Question

Determine whether -x^3/3x^2+5 is even, odd, or neither

Answer 1

If you can show that f(-x) = f(x), then the function f(x) is even


If you can show that f(-x) = -f(x), then the function f(x) is odd

Answer 2

But I don't know how to solve.

Answer 3

f(x) = (-x^3)/(3x^2+5)

f(-x) = (-(-x)^3)/(3(-x)^2+5)

f(-x) = (x^3)/(3x^2+5)


Since f(-x) is NOT equal to f(x), we know that f(x) is NOT even

Answer 4

It's odd?

Answer 5

yep because

f(x) = (-x^3)/(3x^2+5)

-f(x) = -(-x^3)/(3x^2+5)

-f(x) = (x^3)/(3x^2+5)

which is equal to f(-x)

Answer 6

Where did you get x^3?

Answer 7

its in the original problem

Answer 8

Sorry I was looking at something else/

Answer 9

Can you explain your steps please?

Answer 10

where are you stuck

Answer 11

I don't understand any of it.

Answer 12

going from

f(x) = (-x^3)/(3x^2+5)

to

f(-x) = (-(-x)^3)/(3(-x)^2+5)

I replaced each 'x' with '-x', then simplified to get

f(-x) = (x^3)/(3x^2+5)

Answer 13

Okay I get it now.

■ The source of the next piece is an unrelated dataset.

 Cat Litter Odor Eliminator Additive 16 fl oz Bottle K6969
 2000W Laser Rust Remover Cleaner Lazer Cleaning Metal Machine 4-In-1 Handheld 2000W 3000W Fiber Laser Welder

Thank you... and one other thing.

Answer 14

How can I determine whether the equation y^2=6-x^2 defines y as a function of x

Answer 15

solve for y, if you get one single equation for y, then the equation is a function

if you get more than one equation, then the equation is not a function

Answer 16

Solving for Y will I replace x with 0?

Answer 17

no just isolate y

Answer 18

in terms of x

Answer 19

you want y = ...

Answer 20

Right so at the moment it is y^2=6-x^2

Answer 21

yep, then what

Answer 22

I need to get rid of the square by using a square root?

Answer 23

yep, that's correct, so what do you get when you do that